**** Input material ****

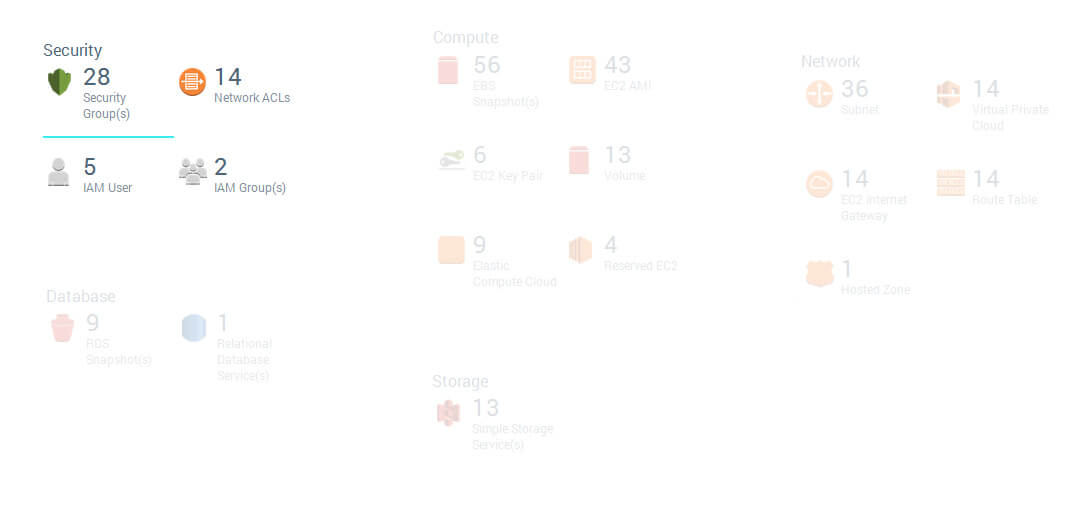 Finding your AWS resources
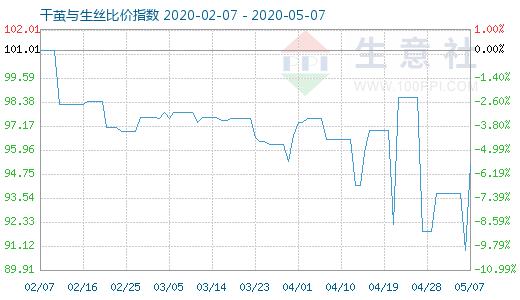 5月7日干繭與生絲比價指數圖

****
**** Input material ****

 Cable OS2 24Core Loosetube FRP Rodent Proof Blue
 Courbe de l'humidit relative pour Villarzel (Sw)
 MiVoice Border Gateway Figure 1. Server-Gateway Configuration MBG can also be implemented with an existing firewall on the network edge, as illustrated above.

****
**** Input material ****

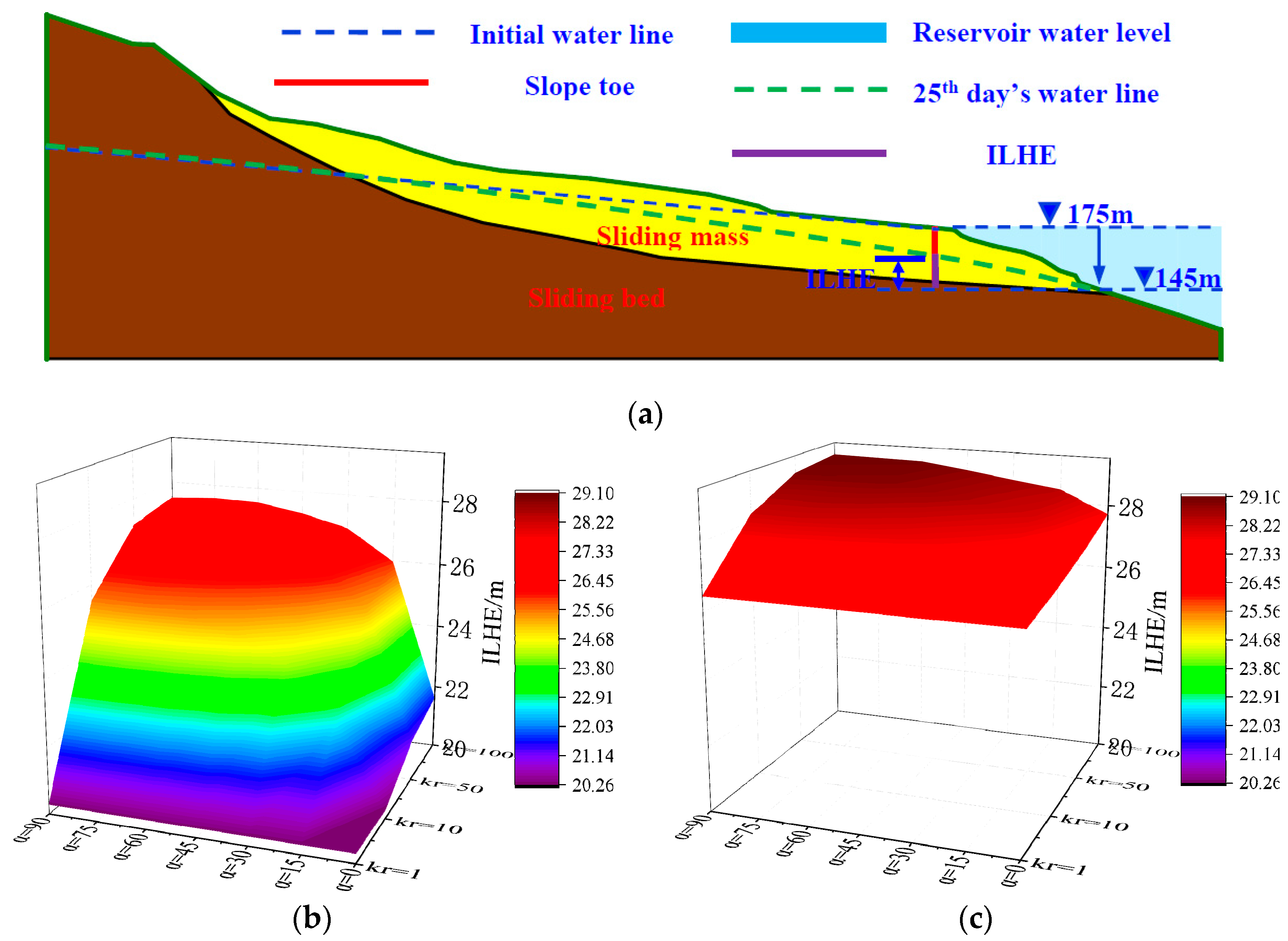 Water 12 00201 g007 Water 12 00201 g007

****

◆ **Exercise details**: Send back exactly the lines of the listing above starting at the one with "Courbe de l'humidit" and ending at the one with "MiVoice Border Gateway", inclusive, and no others.

◆ **Exercise solution**:
 Courbe de l'humidit relative pour Villarzel (Sw)
 MiVoice Border Gateway Figure 1. Server-Gateway Configuration MBG can also be implemented with an existing firewall on the network edge, as illustrated above.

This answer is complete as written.